* PROBLEM REQUIREMENTS:
Begin your copy at the line with "Honda Civic Sport Image 2" in the records below and end it at the line with "ausernum TikTok Live — Oct 3, 2026, 3:27 PM", restating each line word for word; omit the pictures.

* SUPPLIED INFORMATION:
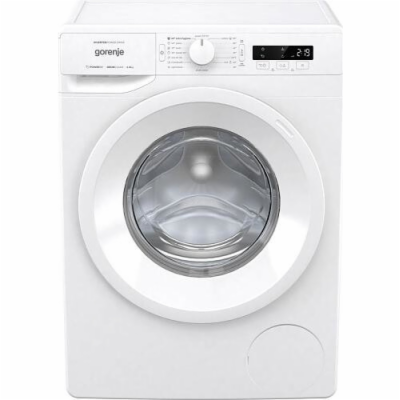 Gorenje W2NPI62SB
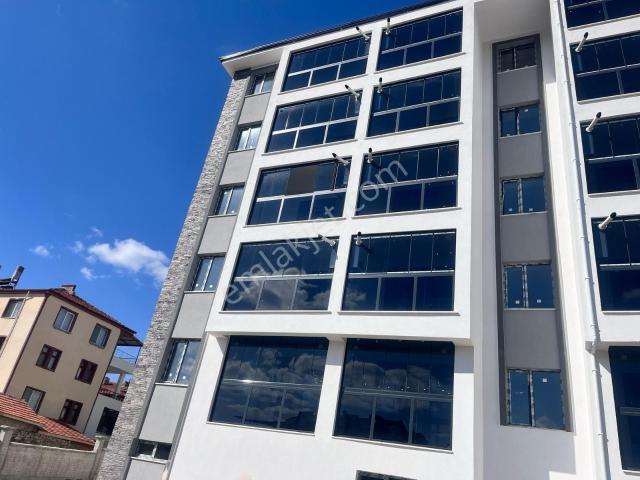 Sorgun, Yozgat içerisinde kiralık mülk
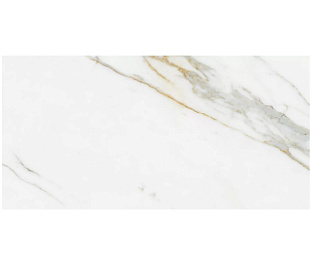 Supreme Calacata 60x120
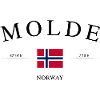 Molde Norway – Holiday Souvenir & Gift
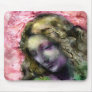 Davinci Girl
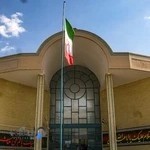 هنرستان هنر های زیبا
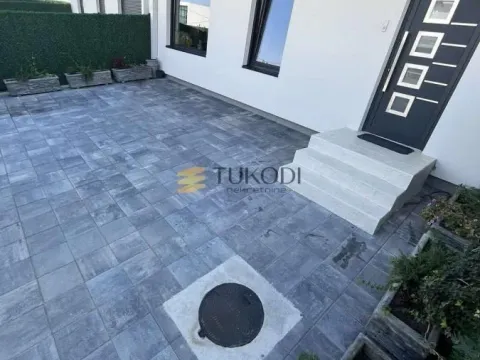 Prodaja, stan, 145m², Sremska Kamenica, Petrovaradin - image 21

==

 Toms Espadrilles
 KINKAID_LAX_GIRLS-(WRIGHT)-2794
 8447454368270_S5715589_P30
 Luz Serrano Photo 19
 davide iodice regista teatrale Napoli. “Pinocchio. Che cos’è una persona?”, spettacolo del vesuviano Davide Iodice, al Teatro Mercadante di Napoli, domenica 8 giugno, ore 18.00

* * *

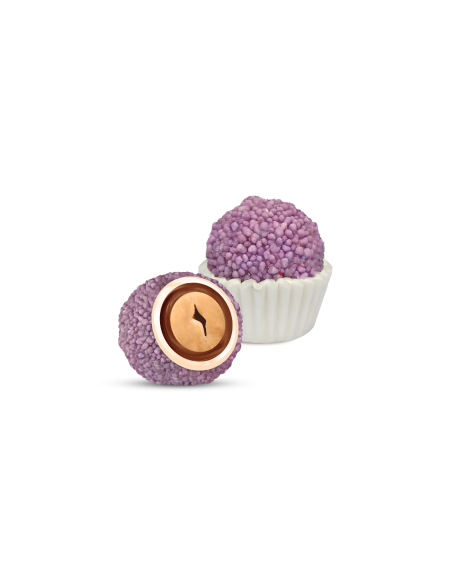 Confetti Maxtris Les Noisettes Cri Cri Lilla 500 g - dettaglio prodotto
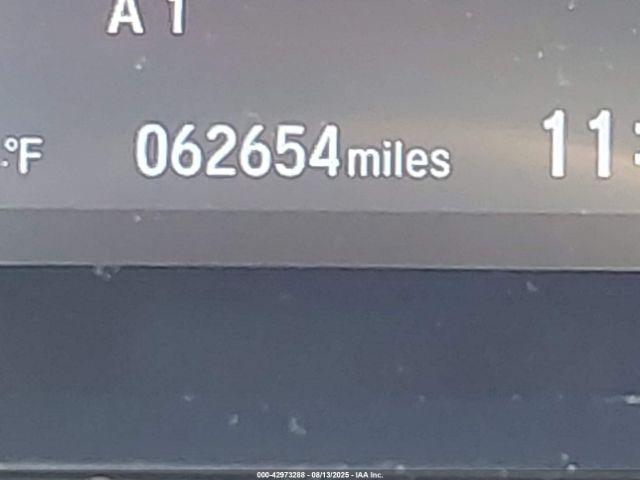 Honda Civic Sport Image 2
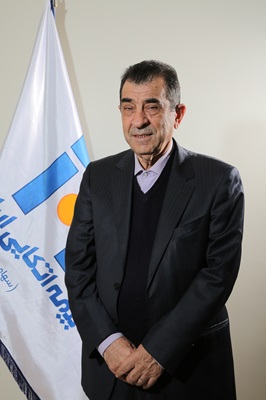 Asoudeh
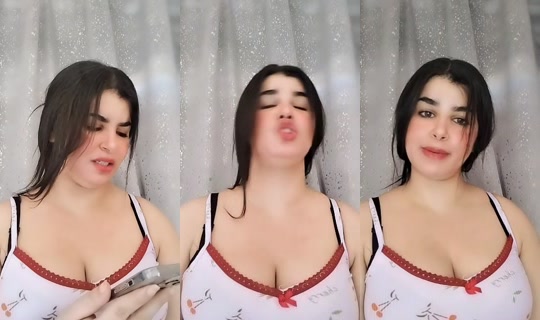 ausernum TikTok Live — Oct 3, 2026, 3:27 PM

* ANSWER TO THE EXERCISE:
 Honda Civic Sport Image 2
 Asoudeh
 ausernum TikTok Live — Oct 3, 2026, 3:27 PM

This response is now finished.